I stopped my training when I had just short of 40 hours. The only required procedure I hadn't completed yet was the night flight time. But no way would I have felt comfortable flying passengers at 30 hours. Hell, it was around that time that I ran into problems both with an engine refusing to shut off on the ground (student using the airplane after me didn't read my notation in the log and broke the throttle cable trying to shut the engine off), and on another airplane, the engine hesitating when I throttled back up during a stall recovery.

Minor details, but it's coming across stuff like this and learning to deal with it that makes the extra flying hours valuable.

Like the GP, I'm generally against regulation, but I agree that the FAA seems too lax in this case.

1 comments

> Like the GP, I'm generally against regulation, but I agree that the FAA seems too lax in this case.

Are there other fields where you're very familiar with where you're still against regulation? It seems odd to me that you're for regulation in a field where you recognize the reasons for it, but are against it in general, implying areas where you don't have much expertise.

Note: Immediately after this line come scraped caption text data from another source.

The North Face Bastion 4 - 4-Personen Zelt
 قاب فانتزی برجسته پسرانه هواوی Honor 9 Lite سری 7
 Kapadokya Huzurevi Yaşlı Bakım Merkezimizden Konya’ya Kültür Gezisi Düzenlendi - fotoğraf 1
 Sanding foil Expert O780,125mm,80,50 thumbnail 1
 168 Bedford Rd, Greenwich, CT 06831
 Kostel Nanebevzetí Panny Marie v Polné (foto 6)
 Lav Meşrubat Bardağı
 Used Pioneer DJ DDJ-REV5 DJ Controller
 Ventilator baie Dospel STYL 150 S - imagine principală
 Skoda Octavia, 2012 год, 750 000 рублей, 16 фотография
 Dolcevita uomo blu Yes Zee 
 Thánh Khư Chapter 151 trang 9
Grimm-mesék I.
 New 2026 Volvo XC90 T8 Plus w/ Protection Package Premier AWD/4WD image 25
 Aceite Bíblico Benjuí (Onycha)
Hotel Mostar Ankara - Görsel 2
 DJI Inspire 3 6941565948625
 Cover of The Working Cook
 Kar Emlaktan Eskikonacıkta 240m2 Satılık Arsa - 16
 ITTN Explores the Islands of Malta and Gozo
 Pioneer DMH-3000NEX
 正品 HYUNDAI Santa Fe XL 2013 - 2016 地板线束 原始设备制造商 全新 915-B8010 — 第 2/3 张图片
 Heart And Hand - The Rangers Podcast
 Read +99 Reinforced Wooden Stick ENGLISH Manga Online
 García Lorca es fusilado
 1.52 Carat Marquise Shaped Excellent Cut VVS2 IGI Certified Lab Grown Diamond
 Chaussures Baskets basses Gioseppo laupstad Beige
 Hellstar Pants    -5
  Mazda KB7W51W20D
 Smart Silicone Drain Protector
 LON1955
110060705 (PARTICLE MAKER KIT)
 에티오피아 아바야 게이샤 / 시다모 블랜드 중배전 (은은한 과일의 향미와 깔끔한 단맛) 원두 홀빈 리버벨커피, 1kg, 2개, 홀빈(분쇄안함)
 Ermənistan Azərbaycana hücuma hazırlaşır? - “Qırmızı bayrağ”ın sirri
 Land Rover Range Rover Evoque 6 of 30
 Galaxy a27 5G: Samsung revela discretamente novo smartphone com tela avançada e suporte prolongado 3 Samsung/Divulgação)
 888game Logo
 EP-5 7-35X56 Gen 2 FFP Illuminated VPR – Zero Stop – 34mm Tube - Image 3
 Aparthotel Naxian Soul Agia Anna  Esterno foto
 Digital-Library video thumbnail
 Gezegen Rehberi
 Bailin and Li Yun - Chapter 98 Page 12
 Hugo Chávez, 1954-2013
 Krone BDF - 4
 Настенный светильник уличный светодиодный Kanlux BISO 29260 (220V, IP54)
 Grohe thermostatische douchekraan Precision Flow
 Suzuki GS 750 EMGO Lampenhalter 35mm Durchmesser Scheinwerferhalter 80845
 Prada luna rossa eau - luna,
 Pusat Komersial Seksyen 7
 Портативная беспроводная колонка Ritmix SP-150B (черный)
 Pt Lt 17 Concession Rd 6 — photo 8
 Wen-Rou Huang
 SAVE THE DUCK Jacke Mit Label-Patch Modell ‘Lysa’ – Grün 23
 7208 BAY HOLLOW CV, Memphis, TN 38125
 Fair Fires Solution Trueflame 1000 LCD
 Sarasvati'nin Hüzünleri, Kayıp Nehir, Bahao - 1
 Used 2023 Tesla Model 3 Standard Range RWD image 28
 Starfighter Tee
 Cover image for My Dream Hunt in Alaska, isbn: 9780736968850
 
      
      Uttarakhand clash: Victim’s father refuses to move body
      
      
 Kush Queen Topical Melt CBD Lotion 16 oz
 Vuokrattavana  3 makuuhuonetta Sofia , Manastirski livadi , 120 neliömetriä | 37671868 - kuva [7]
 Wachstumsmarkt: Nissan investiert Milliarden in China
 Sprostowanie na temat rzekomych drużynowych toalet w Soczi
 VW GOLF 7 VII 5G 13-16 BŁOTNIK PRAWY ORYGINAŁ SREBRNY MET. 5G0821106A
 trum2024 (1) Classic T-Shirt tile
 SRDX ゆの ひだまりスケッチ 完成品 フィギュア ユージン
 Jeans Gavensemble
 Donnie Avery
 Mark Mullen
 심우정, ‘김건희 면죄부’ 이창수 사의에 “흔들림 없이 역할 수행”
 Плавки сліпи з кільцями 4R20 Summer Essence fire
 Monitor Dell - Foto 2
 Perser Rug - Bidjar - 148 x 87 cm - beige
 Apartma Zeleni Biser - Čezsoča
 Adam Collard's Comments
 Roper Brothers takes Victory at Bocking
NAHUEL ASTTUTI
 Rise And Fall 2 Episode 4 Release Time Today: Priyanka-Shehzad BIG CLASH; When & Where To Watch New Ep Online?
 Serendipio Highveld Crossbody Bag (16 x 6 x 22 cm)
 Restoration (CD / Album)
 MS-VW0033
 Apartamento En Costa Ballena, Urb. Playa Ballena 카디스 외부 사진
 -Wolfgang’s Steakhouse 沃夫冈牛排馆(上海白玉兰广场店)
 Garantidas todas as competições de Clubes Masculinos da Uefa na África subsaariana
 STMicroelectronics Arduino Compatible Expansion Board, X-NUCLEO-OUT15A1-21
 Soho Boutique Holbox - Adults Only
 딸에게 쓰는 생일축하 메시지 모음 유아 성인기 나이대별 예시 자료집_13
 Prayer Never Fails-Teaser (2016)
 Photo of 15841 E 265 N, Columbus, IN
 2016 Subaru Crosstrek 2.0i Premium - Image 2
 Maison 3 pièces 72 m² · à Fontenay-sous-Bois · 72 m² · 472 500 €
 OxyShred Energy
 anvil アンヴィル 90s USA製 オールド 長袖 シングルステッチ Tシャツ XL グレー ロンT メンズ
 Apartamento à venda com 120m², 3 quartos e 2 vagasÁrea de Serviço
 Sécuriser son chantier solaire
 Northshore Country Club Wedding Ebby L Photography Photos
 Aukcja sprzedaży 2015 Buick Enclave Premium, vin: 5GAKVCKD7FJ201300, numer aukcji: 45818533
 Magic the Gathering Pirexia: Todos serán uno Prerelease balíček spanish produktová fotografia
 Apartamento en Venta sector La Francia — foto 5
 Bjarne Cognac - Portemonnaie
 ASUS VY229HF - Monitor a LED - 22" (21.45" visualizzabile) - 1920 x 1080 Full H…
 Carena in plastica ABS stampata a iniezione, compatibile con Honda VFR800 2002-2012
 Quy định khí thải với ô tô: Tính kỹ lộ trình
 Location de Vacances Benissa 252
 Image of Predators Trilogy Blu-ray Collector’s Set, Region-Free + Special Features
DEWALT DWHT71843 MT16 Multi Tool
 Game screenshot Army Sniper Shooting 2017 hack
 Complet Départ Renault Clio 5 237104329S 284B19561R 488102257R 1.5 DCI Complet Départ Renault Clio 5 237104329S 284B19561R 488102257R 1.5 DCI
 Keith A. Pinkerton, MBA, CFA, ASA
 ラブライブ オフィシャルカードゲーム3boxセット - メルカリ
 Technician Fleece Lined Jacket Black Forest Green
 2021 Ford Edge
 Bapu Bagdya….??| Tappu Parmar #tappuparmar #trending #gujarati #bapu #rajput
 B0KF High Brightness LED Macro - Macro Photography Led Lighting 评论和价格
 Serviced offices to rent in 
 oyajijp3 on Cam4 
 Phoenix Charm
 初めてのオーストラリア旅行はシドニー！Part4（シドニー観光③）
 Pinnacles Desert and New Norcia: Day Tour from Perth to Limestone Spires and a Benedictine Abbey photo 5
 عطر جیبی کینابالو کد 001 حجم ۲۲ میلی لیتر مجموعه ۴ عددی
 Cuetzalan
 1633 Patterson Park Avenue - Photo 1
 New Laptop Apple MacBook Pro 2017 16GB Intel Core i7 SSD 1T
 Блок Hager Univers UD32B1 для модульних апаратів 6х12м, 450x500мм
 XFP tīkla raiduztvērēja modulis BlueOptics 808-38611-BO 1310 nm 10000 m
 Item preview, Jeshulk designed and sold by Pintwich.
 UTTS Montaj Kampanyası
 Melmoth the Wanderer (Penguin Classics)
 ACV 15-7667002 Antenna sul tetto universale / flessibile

(Reminds me of when someone in Profession X sees the news get stories and facts about their profession wrong all the time, but continues to trust the news on stories about other fields. I forget what that phenomenon is called.)

I will admit that my comment was poorly phrased.

It's better stated if I say that I prefer to err on the side of less, rather than more, regulation.

It'd fit into a broad interpretation of the Lake Woebegon effect.